Thomas Jefferson Papers

Notes on Conversations with William Stephens Smith and George Washington, 20 February 1793

Notes on Conversations with William Stephens Smith and George Washington

Feb. 20. 1793. Colo. W. S. Smith called on me to communicate intelligence from France. He had left Paris Nov. 9. He says that the French Ministers are entirely broken with Gouvr. Morris, shut their doors to him and will never receive another communication from him. They wished Smith to be the bearer of a message from the Presidt. to this effect, but he declined and they said in that case they would press it thro’ their own minister here. He says they are sending Genet here with full powers to give us all the privileges we can desire in their countries, and particularly in the W. Indies, that they even contemplate to set them free the next summer: that they propose to emancipate S. America, and will send 45. ships of the line there in the spring, and Mirande at the head of the expedition: that they desire our debt to be paid them in provisions, and have authorised him to negociate this. In confirmation of this he delivers a letter to the Presidt. from Le brun, Minr. for forn. affrs., in which Le brun says that Colo. Smith ‘will communicate plans worthy of his (the Pr.’s) great mind, and he shall be happy to receive his opinion as to the means the most suitable to effect it.’1

I had 5. or 6. days ago received from Ternant extracts from the letters of his ministers, complaining of both G. Morris and Mr.
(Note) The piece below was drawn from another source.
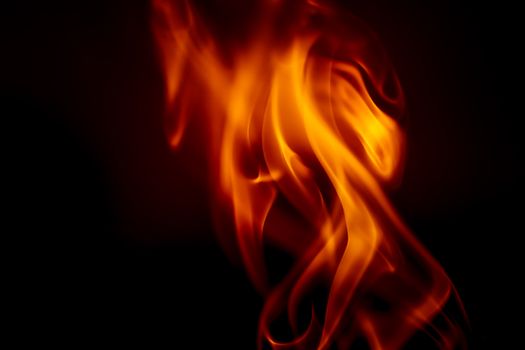 Close-up of vibrant orange flames on a dark backdrop, conveying heat and intensity.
Short. I sent them this day to the Presidt. with an extract from a private letter of Mr. Short’s justifying himself, and I called this evening on the Presidt. He said he considered the extracts from Ternant as very serious, in short as decisive: that he saw that G. Morris could be no longer continued there consistent with the public good, that the moment was critical in our favor and ought not to be lost: that he was extremely at a loss what arrangement to make. I asked him whether G. Morris and Pinckney might not change places. He said that would be a sort of remedy, but not a radical one. That if the French ministry conceived G. M. to be hostile to them, if they had been jealous merely on his proposing to visit London, they would never be satisfied with us at placing him at London permanently. He then observed that tho’ I had unfixed the day on which I had intended to resign, yet I appeared fixed in doing it at no great distance of time: that in this case, he could not but wish that I would go to Paris, that the moment was important, I possessed the confidence of both sides and might do great good; that he wished I could do it were it only to stay there a year or two. I told him that my mind was so bent on retirement that I could not think of launching forth again in a new business, that I could never again cross the Atlantic: and that as to the opportunity of doing good, this was likely to be the scene of action, as Genet was bringing powers to do the business here, but that I could not think of going abroad. He replied that I had pressed him to a continuance in public service and refused to do the same myself. I said the case was very different: he united the confidence of all America, and was the only person who did so: his services therefore were of the last importance: but for myself my going out would not be noted or known, a thousand others could supply my place to equal advantage. Therefore I felt myself free: and that as to the mission to France I thought Pinckney perfectly proper. He desired me then to consider maturely what arrangement should be made.

Smith in speaking of Morris said that at his own table in presence of his company and servants he cursed the French ministers as a set of damned rascals, said the king would still be replaced on his throne: he said he knew they had written to have him recalled, and expected to be recalled. He consulted Smith to know whether he could bring his furniture here duty free. Smith has mentioned the situation of G. Morris freely to others here.

Smith said also that the ministers told him they meant to begin their attack at the mouth of the Missi., and to sweep along the bay of Mexico Southwardly, and that they would have no objections to our incorporating into our government the two Floridas.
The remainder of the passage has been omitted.